Nov. 26, 2013.  5:03 pm

Dear T -

As we have gotten to know each other quite well over these past several months, we've pondered interesting differences in our makeup.  One example being that your office tends to book your flights home late.  While mine books them early.  I've suggested there is a basic optimism present in the plaintiff lawyer that is countered by the relative skepticism of the defense lawyer.    Your email of this afternoon highlights yet another difference.  One that is perhaps a bit more stark.

You see T, there is an elemental and fundamental difference in the way that we look at this litigation process in the context of an ill young woman like HS.  The plaintiff team is dealing not only with pretrial litigation; we are dealing with the humanity of our client's situation.  We were with her when she recently had three more inches of each leg sawn off.  We care about her deeply and see her not only as a plaintiff, but as a human being who is entitled to be treated with decency and respect.

You do not have a relationship with H and so we do not fault you for not caring about her the way that we do.  However, the defense's almost single minded pursuit of any hint of a cancer diagnosis, has left those of us on the plaintiff side, feeling absolutely breathlessly - appalled.    Can you step back from your advocacy and see how this looks.  The message that you are transmitting.  At times it appears that you are hopeful that a cancer will indeed be found.

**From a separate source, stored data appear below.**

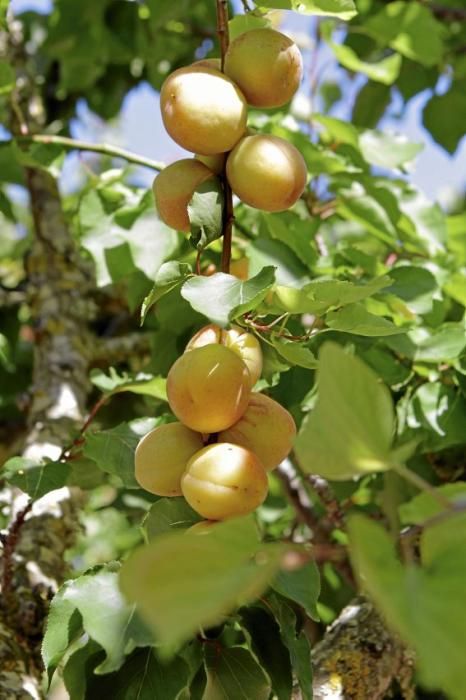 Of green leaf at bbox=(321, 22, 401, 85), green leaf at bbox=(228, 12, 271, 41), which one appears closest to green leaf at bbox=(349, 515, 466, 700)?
green leaf at bbox=(228, 12, 271, 41)

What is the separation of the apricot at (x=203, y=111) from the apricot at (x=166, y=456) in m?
0.25

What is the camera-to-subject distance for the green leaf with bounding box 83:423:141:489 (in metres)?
0.97

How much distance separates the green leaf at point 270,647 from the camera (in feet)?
2.70

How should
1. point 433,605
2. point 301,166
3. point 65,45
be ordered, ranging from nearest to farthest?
point 433,605 → point 301,166 → point 65,45

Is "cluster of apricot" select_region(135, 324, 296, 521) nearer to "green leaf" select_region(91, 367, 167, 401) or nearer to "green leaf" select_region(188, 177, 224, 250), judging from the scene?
"green leaf" select_region(188, 177, 224, 250)

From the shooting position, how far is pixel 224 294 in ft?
2.47

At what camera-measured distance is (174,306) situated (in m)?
1.18

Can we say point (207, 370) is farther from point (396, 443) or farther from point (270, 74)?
point (396, 443)

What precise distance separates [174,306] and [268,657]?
1.63 feet

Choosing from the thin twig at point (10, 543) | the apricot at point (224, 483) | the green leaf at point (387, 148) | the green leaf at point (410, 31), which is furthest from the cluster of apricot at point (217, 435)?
the green leaf at point (410, 31)

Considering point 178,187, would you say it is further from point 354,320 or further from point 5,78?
point 5,78

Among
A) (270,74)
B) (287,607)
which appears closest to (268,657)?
(287,607)

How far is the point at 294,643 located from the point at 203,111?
1.55 ft

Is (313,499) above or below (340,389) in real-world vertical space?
below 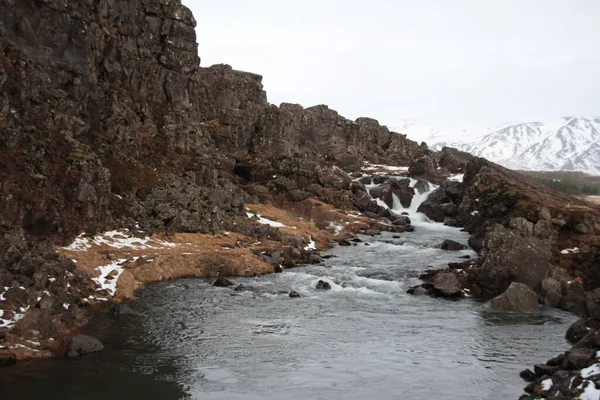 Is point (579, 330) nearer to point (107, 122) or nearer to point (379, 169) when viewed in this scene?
point (107, 122)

I'm sure this is not true.  But this is the message that you are transmitting by your actions and accusations.

Here are the facts.

HS received a PET scan on November 7.   Dr. H arranged for the PET scan.  We presume that Dr. H has the results.  HS has not been informed of the results.  She has not had her followup appointment with Dr. H.  HS has never seen the PET scan.  We have never seen the PET scan.  We have never been informed of the results.   We have asked the case manager if she can procure it, but she cannot.

I ask that you now step back T.  And look at this situation from a human perspective.  If you went through a medical procedure and were waiting to find out the results.  And the results could potentially be very serious.  Would you like the lawyer for someone whom you are suing, to see those results before you.   More importantly, what right would any human being - lawyer or not - have that would give them the privilege of viewing such utterly personal information before a patient.

Now let's turn to Dr. C's deposition taken last week.  As has occurred during each deposition of a plaintiff witness this month, the defense has tried to find out about the PET scan.  Dr. C was discharged as PCP by the plaintiff one year ago.  Her involvement in plaintiff's care ceased one year ago.  It was improper from MC to attempt to have Dr. C dig through Vancouver clinic records that she did not create or utilize during her care of the plaintiff.

Since we have not seen, heard, or learned of the PET scan results, we haven't hidden anything from you.  Regardless, we will continue protect HS' right to be treated decently, even if we cannot compel your human compassion and kindness.